#### [What to do]
Taking the line with "Jepet me Qira" as the first and the line with "Wardrobe make and working Carpenter workshop" as the last, set down the lines below exactly, pictures excluded.

#### [Information shown]
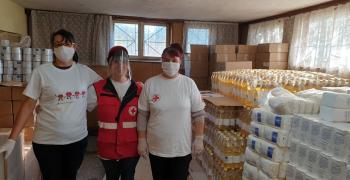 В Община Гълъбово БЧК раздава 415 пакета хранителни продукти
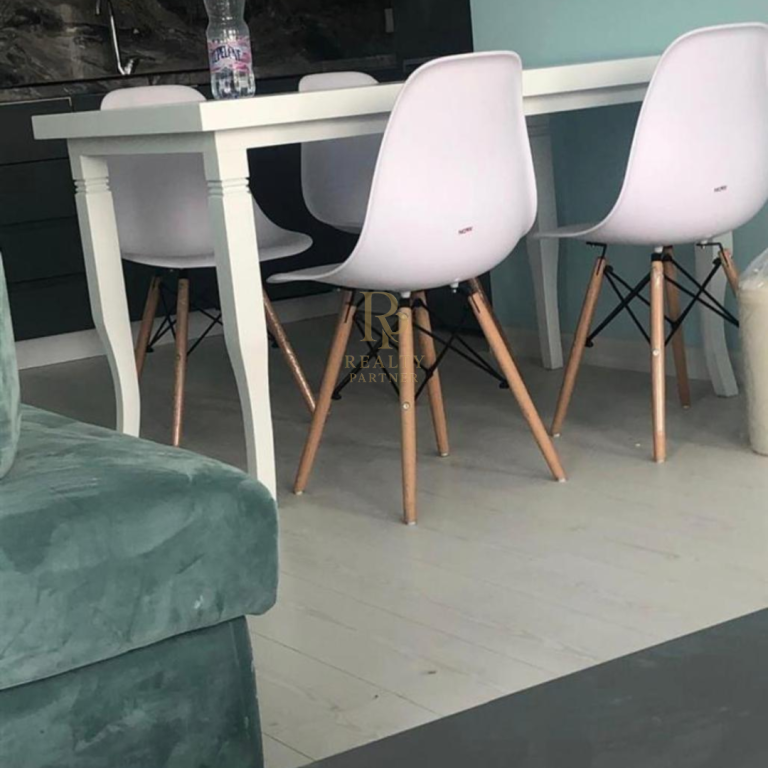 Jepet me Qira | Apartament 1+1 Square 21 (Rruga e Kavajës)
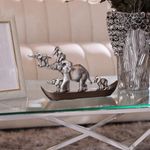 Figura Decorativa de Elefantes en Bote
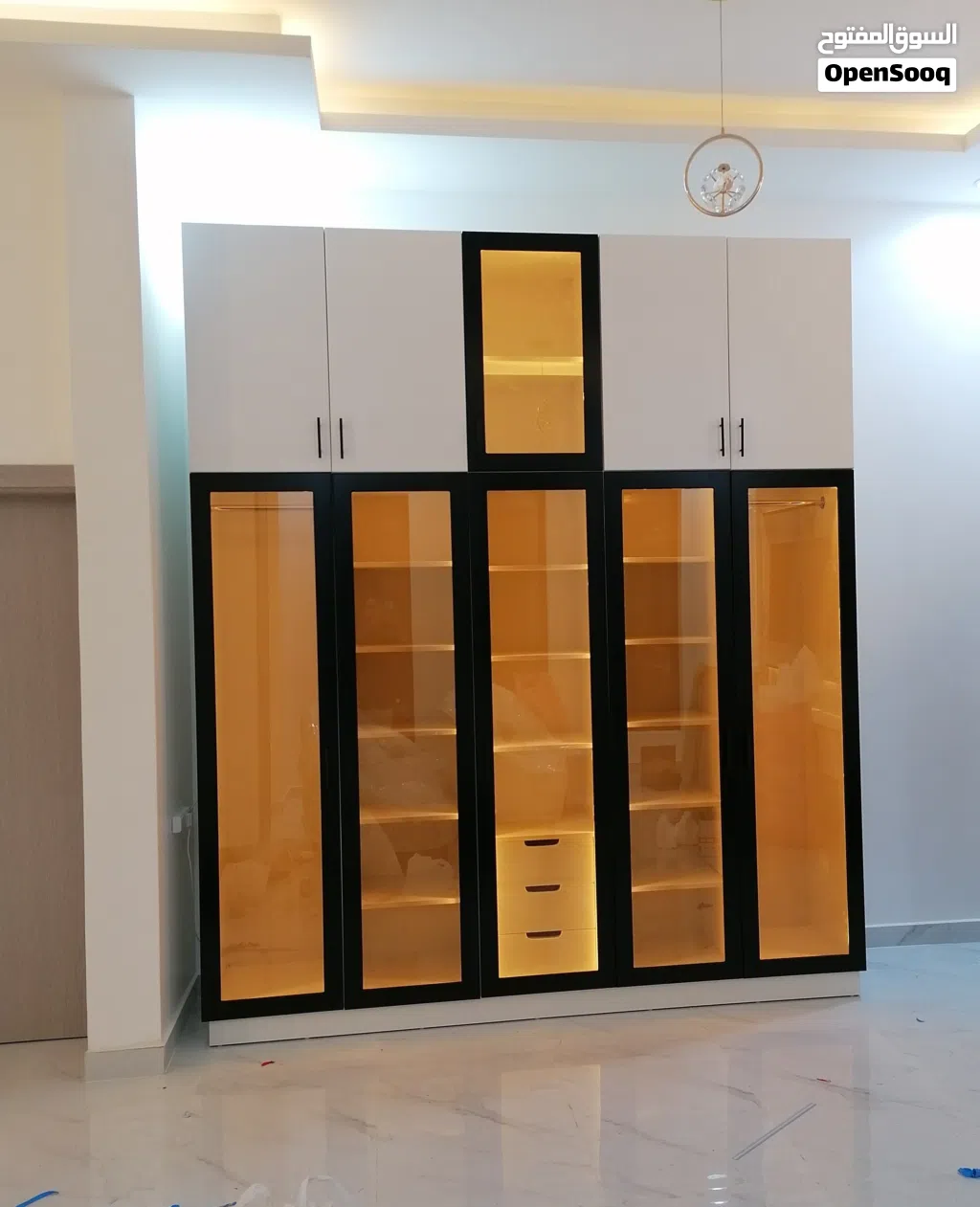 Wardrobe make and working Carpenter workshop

--

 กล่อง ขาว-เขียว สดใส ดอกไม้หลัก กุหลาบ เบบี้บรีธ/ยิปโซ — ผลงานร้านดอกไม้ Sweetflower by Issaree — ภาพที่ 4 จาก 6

...

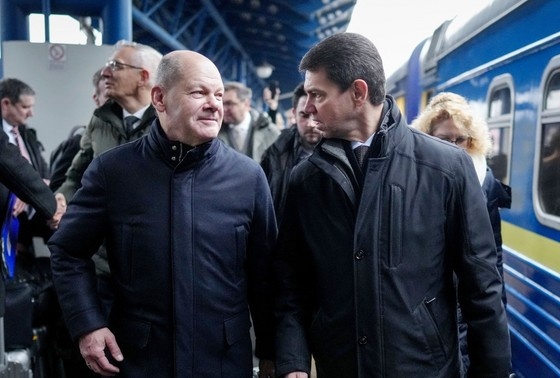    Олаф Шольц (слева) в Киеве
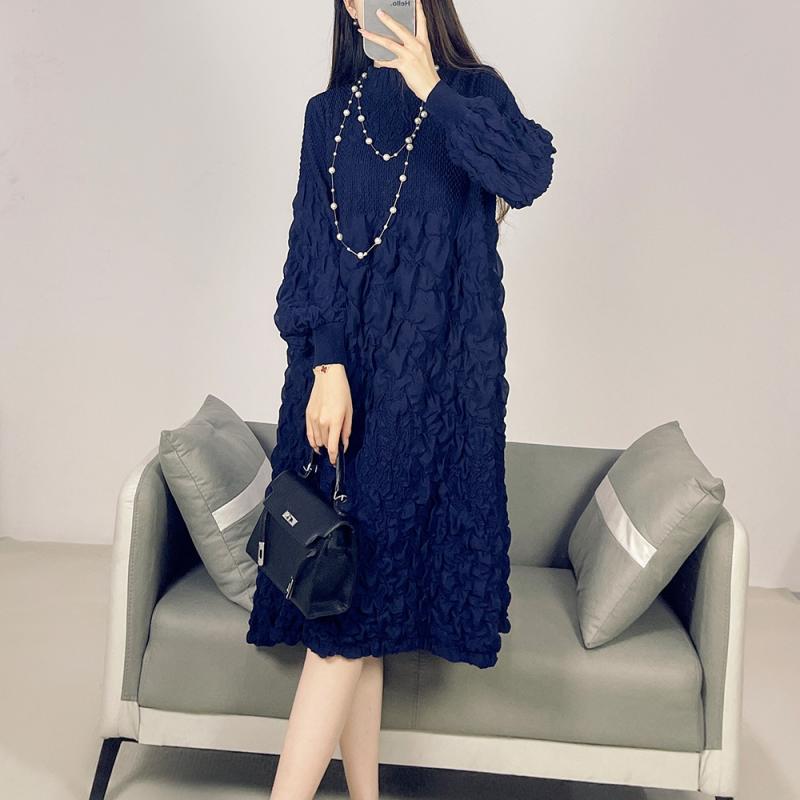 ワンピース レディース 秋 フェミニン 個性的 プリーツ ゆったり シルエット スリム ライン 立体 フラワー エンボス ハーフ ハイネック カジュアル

#### [Completed task]
 Jepet me Qira | Apartament 1+1 Square 21 (Rruga e Kavajës)
 Figura Decorativa de Elefantes en Bote
 Wardrobe make and working Carpenter workshop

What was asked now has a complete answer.